Em menos de 3 meses fará 4 anos que o assassinato de George Floyd parou o mundo. Em 25 de maio de 2020, o afro-americano foi morto por um policial de Minneapolis, nos Estados Unidos, que pressionou o joelho contra seu pescoço por quase nove minutos. O crime desencadeou protestos globais e destacou questões da brutalidade policial e do racismo sistêmico em todo mundo.
Até hoje esse fato é apontado como um grande momento na história da humanidade onde o racismo contra pessoas negras foi reconhecido como um fator de atraso social, político e econômico na vida deste grupo e diversas iniciativas surgiram ao redor do mundo no sentido de tentar oferecer algum tipo de reparação. Obviamente, nada do que foi feito chegou perto de qualquer tipo de reparação histórica que minizmie os danos do holocausto negro, que no Brasil durou quase 400 anos e antes que alguns avanços pudessem ser celebrados, as iniciativas de igualdade racial, sofreram cortes severos. Vale lembrar que em 2023, a Suprema Corte Americana derrubou as cotas raciais nas universidades
Notícias Relacionadas
Juliana Alves reflete sobre 21 anos de carreira: "Conquistei respeito e reconhecimento que não tinha antes"
"Aos 50, quem me aguenta?", Edvana Carvalho fala sobre negritude, maturidade e o empoderamento feminino em seu primeiro solo no teatro
Floyd foi mencionado algumas vezes durante o encontro de mulheres brasileiras no evento do Pacto Global – Rede Brasil da ONU , realizado em Nova York nos dias 13 e 14 de março. O “evento paralelo” foi parte da programação da 68ª edição da Comissão de Situação da Mulher (CSW), o maior evento de equidade de gênero do mundo.

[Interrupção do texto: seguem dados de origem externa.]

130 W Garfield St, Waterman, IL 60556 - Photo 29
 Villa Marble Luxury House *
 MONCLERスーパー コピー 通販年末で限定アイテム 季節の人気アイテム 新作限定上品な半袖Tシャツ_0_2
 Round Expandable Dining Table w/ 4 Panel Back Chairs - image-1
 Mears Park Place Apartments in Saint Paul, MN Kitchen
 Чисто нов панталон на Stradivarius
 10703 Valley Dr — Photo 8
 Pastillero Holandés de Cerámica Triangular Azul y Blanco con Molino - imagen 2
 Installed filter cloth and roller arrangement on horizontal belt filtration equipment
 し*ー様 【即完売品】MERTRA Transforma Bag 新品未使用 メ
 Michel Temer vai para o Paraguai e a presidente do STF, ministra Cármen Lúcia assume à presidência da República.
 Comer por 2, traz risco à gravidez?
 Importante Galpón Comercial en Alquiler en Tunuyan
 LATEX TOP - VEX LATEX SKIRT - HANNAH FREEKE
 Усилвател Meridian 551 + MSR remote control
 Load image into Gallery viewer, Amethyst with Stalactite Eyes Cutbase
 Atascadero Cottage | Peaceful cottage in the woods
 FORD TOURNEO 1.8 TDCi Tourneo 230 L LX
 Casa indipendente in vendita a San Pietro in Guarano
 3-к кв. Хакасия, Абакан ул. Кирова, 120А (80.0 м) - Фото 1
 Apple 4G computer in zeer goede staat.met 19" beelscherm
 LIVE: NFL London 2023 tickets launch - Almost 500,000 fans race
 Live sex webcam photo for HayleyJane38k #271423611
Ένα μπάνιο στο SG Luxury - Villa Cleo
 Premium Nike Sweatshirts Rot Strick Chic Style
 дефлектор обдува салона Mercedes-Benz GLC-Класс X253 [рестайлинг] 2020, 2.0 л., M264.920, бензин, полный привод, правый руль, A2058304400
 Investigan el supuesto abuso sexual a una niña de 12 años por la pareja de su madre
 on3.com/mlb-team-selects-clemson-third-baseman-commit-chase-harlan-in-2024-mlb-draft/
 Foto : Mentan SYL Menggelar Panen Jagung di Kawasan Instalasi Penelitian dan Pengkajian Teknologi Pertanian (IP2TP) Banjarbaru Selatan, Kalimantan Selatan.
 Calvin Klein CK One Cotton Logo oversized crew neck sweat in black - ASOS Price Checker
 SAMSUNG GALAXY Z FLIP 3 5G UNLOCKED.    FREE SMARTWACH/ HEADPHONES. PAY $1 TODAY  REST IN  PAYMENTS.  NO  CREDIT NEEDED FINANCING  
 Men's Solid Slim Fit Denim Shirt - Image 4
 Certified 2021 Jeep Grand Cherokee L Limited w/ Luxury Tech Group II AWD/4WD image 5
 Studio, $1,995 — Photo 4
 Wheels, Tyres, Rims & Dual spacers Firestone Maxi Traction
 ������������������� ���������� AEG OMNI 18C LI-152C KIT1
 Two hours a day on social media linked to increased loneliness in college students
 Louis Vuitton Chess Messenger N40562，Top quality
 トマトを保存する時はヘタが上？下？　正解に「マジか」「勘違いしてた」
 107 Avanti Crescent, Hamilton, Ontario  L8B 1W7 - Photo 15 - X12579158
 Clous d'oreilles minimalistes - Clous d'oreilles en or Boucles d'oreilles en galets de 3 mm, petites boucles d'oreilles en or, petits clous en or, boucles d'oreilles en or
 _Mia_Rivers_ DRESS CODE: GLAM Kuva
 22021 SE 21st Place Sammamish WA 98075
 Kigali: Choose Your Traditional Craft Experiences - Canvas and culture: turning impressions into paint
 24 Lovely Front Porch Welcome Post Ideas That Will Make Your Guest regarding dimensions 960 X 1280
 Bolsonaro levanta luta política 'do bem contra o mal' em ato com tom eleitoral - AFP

Durante a mesa Giselle dos Anjos Santos, Historiadora e Pesquisadora Especialista em Interseccionalidades do CEERT (Centro de Estudos das Relações de Trabalho e Desigualdades), reconheceu a importância das manifestações de 2020, mas lembrou que antes disso o ativismo do movimento negro já havia causado impactos no sentido de trazer uma reflexão de como as estruturas sociais compactuam com o racismo, e alguns frutos também foram colhidos.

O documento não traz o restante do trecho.